● WHAT THE TASK REQUIRES
Once you find the line with "Wind breathing shinazugawa" in the listing below, set down exactly every line from it through the line with "اسکرین شات 5", but no pictures.

● PROVIDED INFORMATION

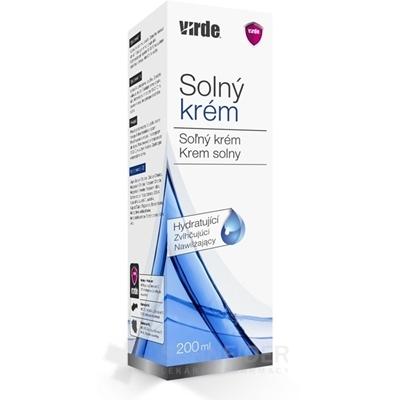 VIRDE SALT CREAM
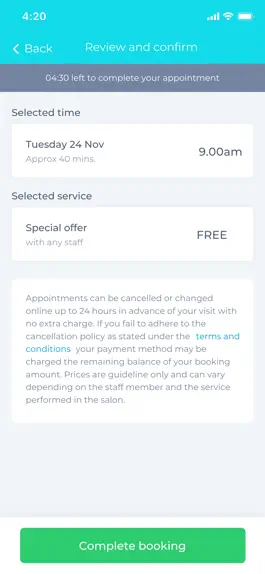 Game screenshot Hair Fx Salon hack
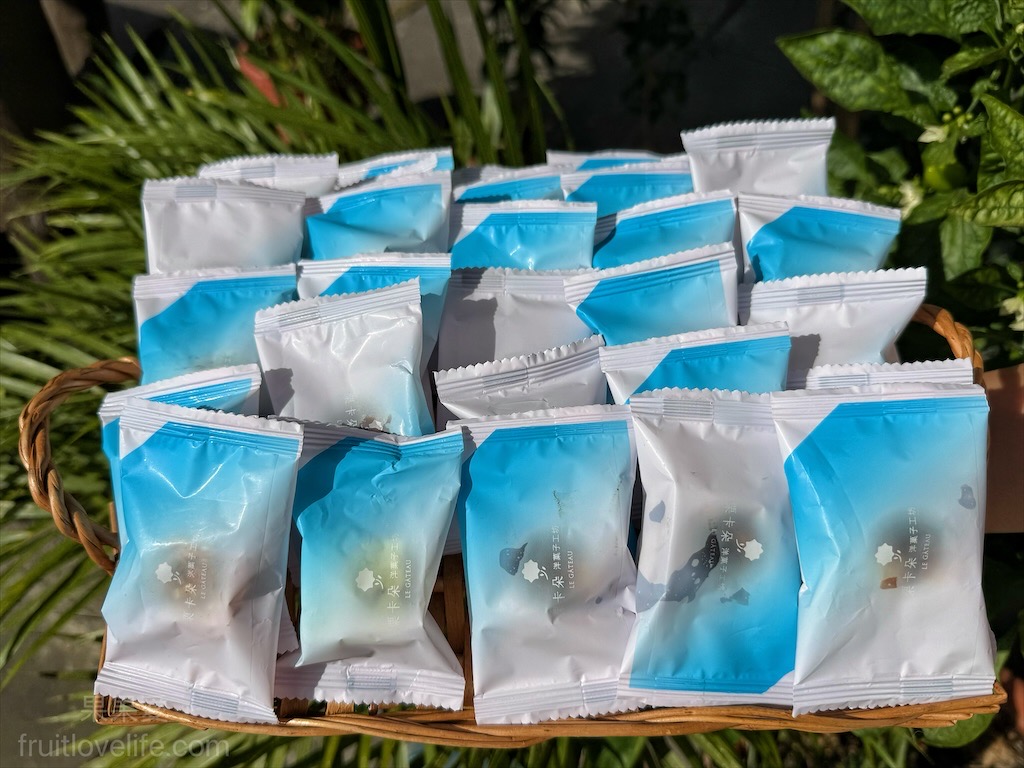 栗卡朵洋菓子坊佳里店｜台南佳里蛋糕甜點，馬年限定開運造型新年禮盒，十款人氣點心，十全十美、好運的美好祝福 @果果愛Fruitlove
--
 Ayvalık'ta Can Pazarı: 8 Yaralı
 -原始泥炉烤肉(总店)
==
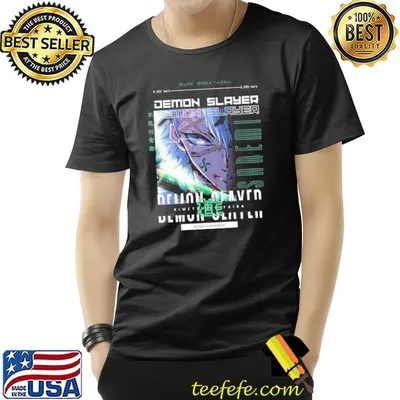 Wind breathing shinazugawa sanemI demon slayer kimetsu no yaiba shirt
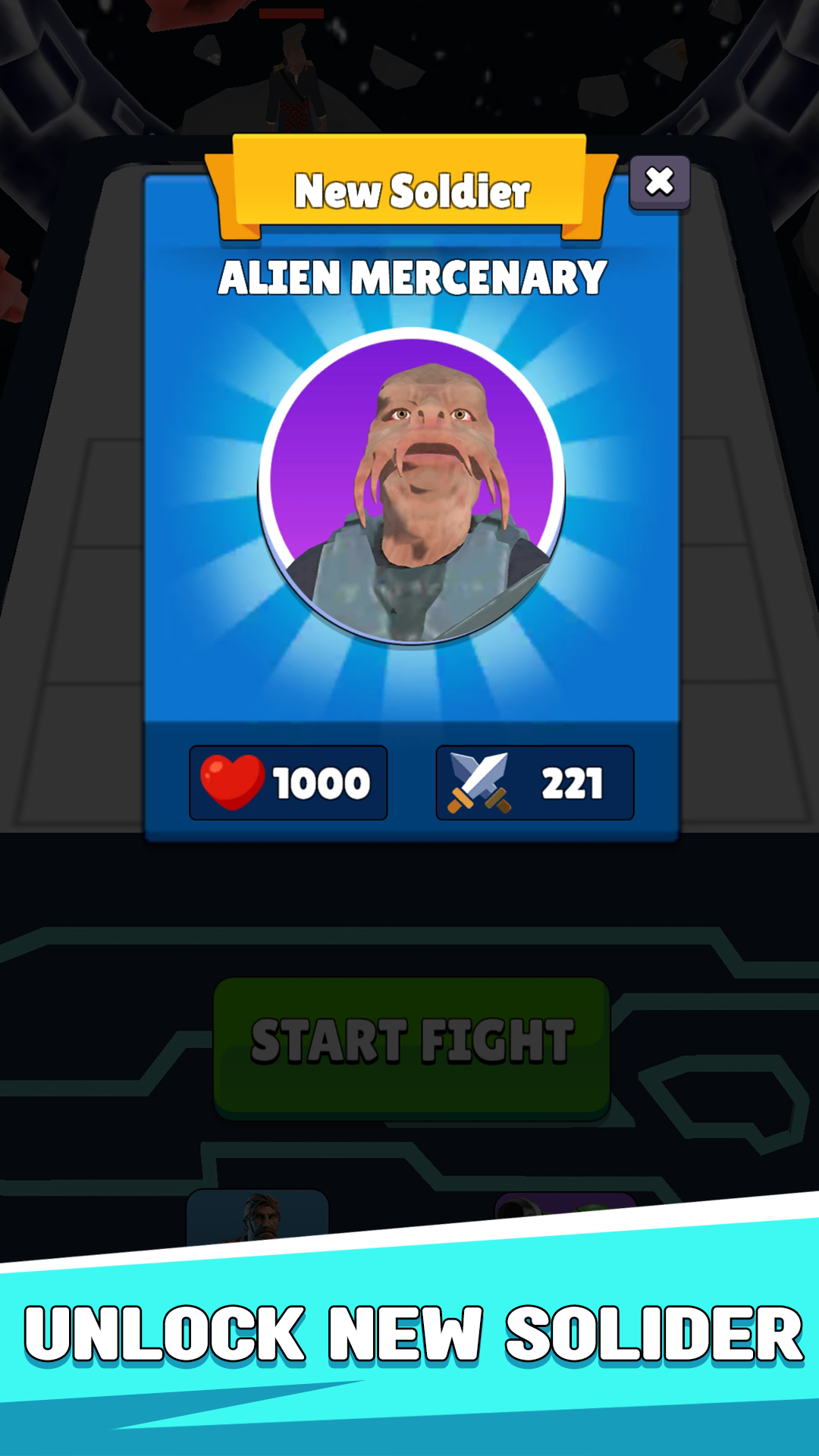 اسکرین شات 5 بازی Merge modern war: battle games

● THE ANSWER
 Wind breathing shinazugawa sanemI demon slayer kimetsu no yaiba shirt
 اسکرین شات 5 بازی Merge modern war: battle games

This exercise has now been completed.